Squirrel hunting is not as popular as it used to be in Texas

For generations, October has been a welcome, if busy, month for hunters seeking recreation in the woods and fields of East Texas.

But the focus of his interest and enthusiasm has undergone a dramatic, ongoing, and transformative shift over the past four decades. Most of those hunters have moved away from the quarry that their ancestors and many of them younger saw as their main game of choice: small game hunting; squirrels, in particular, but also rabbits, to white-tailed deer, a species of big game that commands a growing percentage of the nation’s hunter interest.

This change has seen a large segment of the hunting community abandon or simply omit what has long been the foundational activity on which the region’s hunters built their skills, the craft of wood and cemented connections with the land, its wildlife and its culture and society. history.

TOMPKINS: Five Things You Need to Know About Squirrel Hunting in Texas

Participation in small game hunting, specifically squirrels and rabbits, has plummeted in Texas (and nationally) over the last four decades.
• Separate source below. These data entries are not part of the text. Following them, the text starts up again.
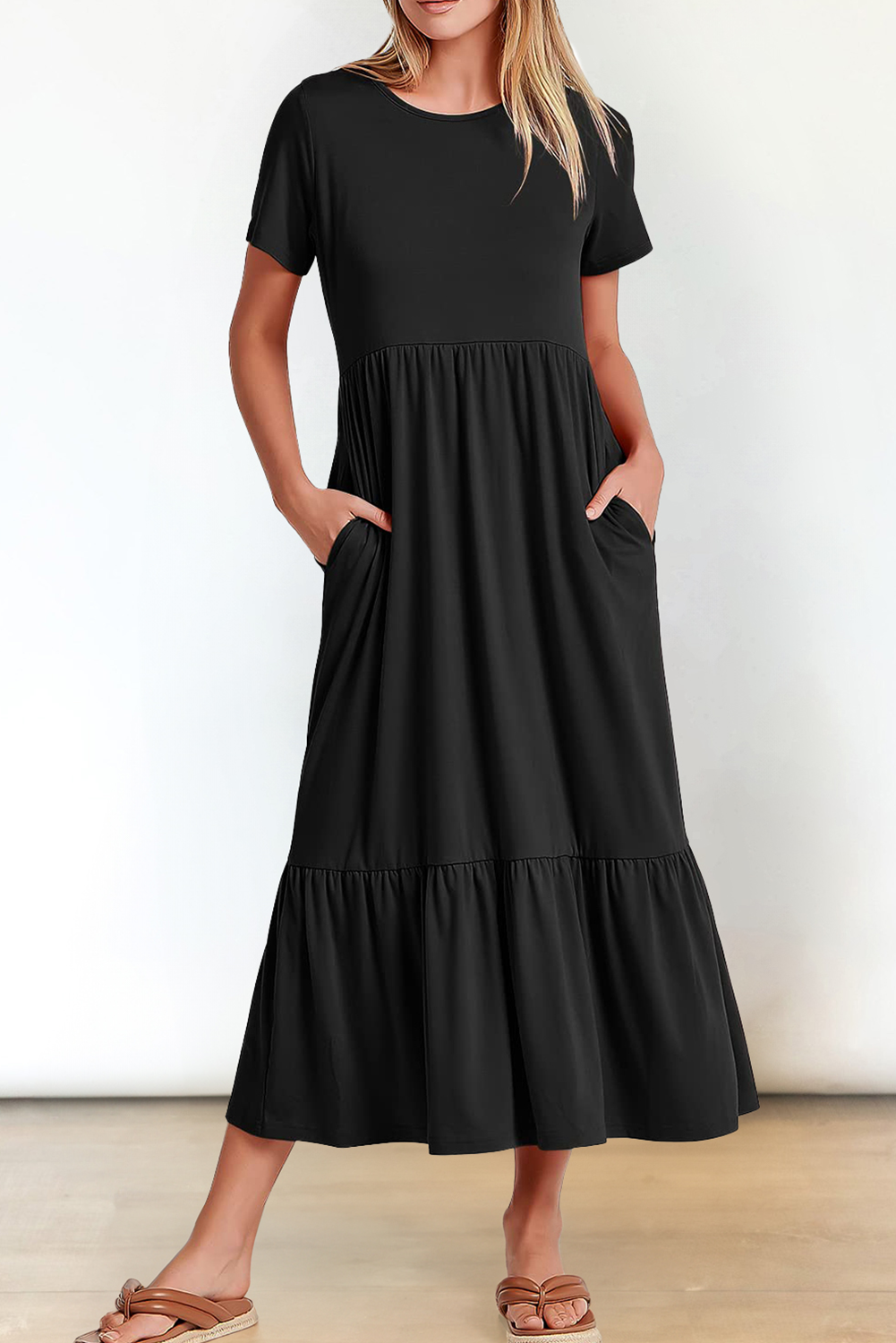 Black Solid Color T-shirt High Waist Pocketed Long Dress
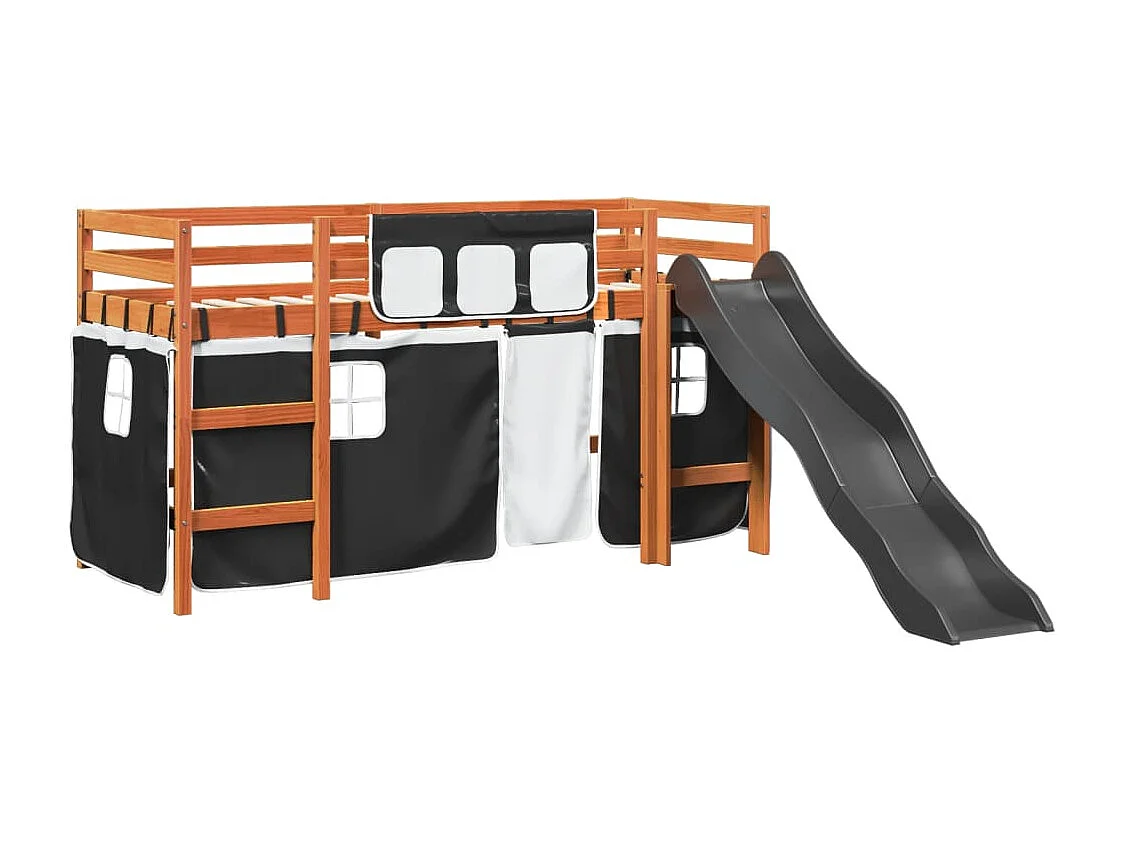 Cama alta niños con cortinas madera pino blanco negro 80x200 cm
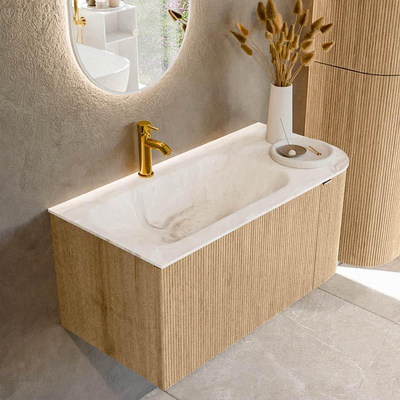 MONDIAZ KURVE-DLUX Meuble de salle de bains 95 cm avec module 25 R couleur Oak avec 1 tiroir et 1 porte. Lavabo BIG SMALL gauche 1 trou de robinet couleur Frappe.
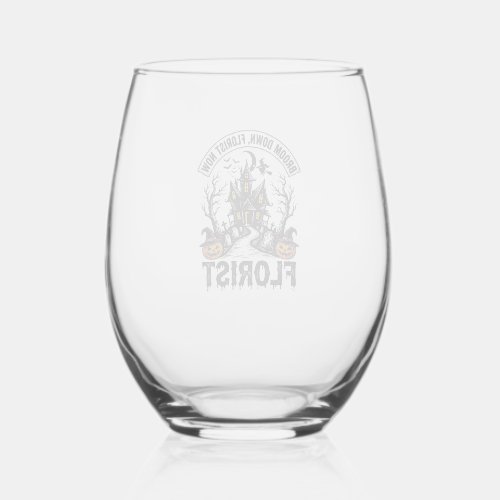Halloween Florist Witch Vintage Haunted House Shir Stemless Wine Glass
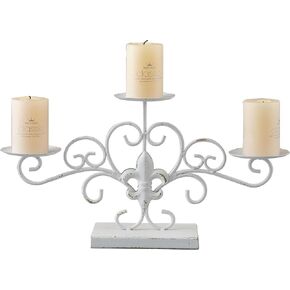 SOFE White Metal 3 Arm Candelabra, Rustic Fireplace Candle Holder, 8 Inch Tall Pillar Candle Stand Decorative for Christmas Event Mantel, Home Table Centerpiece, Shabby Chic Scroll Decor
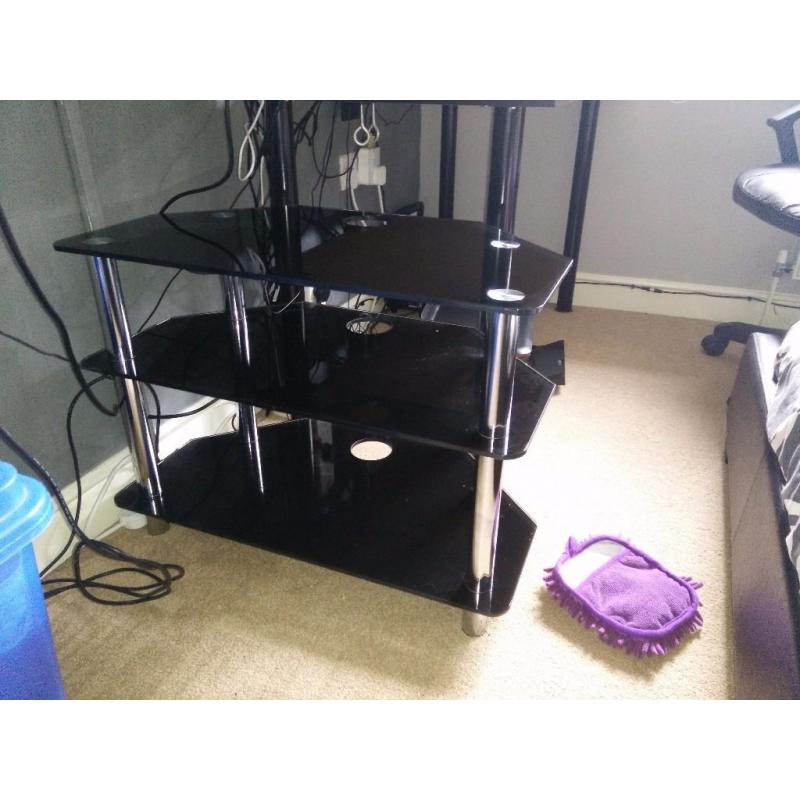Black Glass TV Stand - Great condition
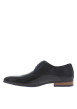 Thumbnail Derbies en cuir noires avec un talon décroché bas et des lacets ronds bleus - Image 2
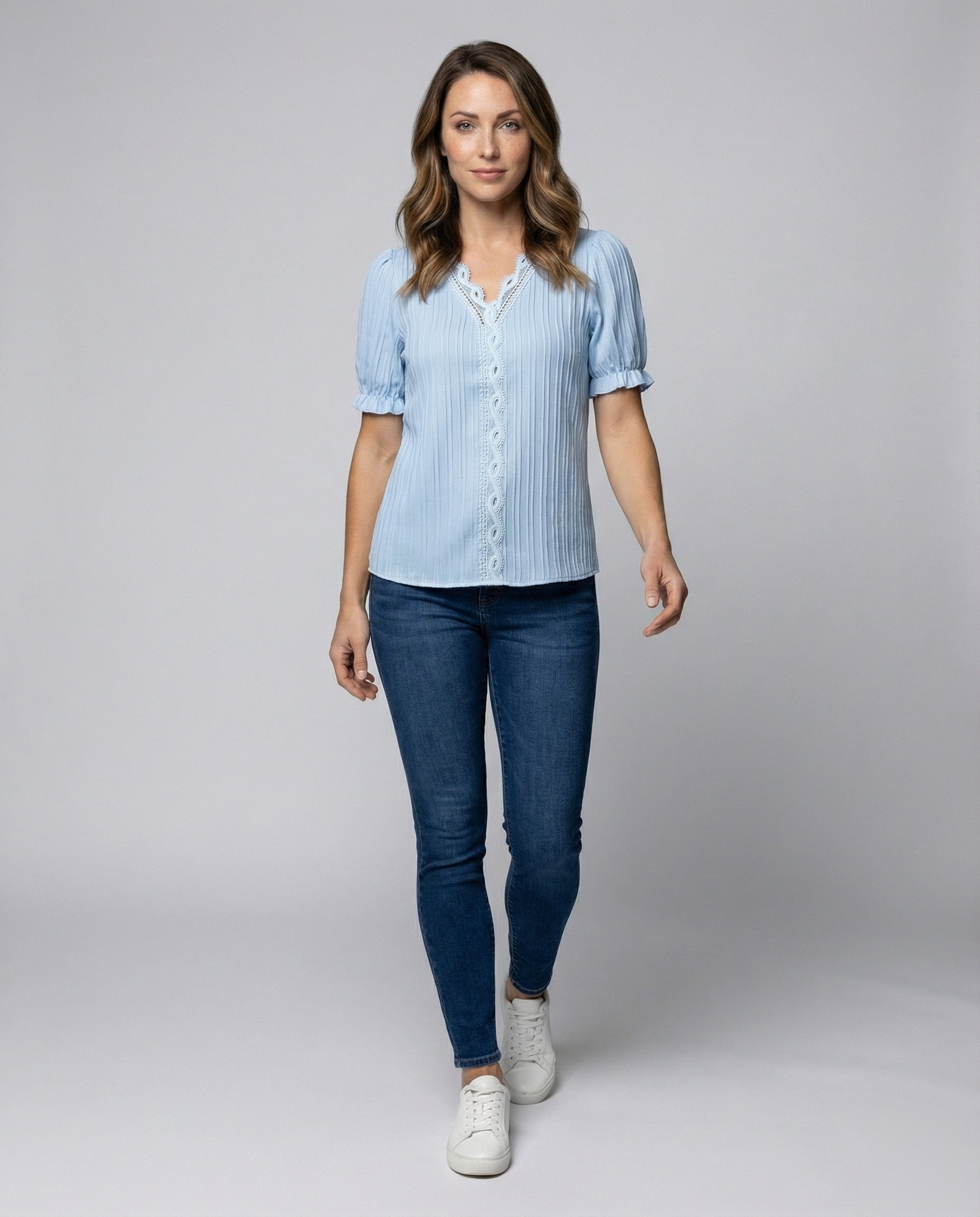 Women's Pleated Lace Blouse Top - Front View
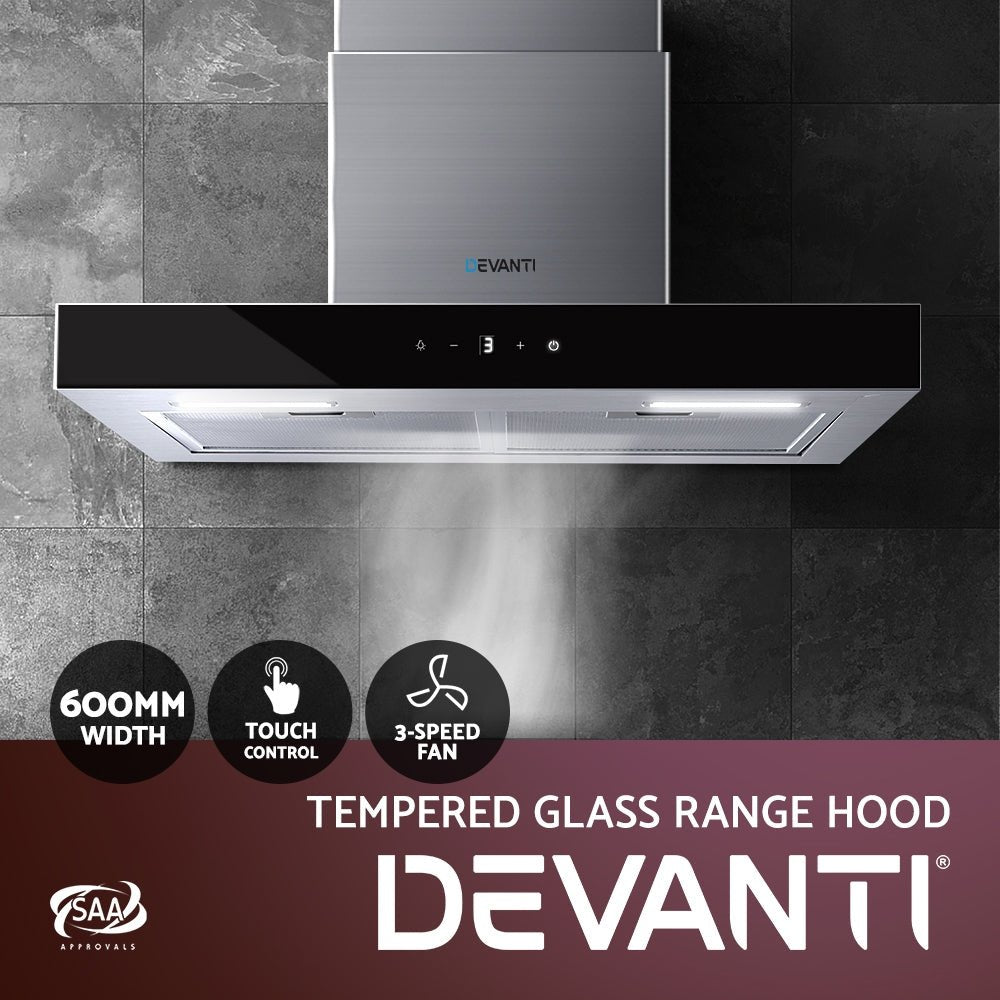 Devanti Rangehood 600mm Range Hood 60cm Stainless Steel Glass Kitchen Canopy - The Hippie House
The numbers are staggering and reflect a long-term shift in the demographics of hunters in Texas and the nation.

The number of hunters chasing squirrels in Texas in 1981 was estimated at nearly a quarter million, 231,000, according to the Texas Parks and Wildlife Department’s annual survey of small game that year. Nearly all of those hunters were in East Texas, most in the densely forested, squirrel-rich Pineywoods Ecoregion in the far east of the state, and a smaller number in the adjacent Post Oak Savanna.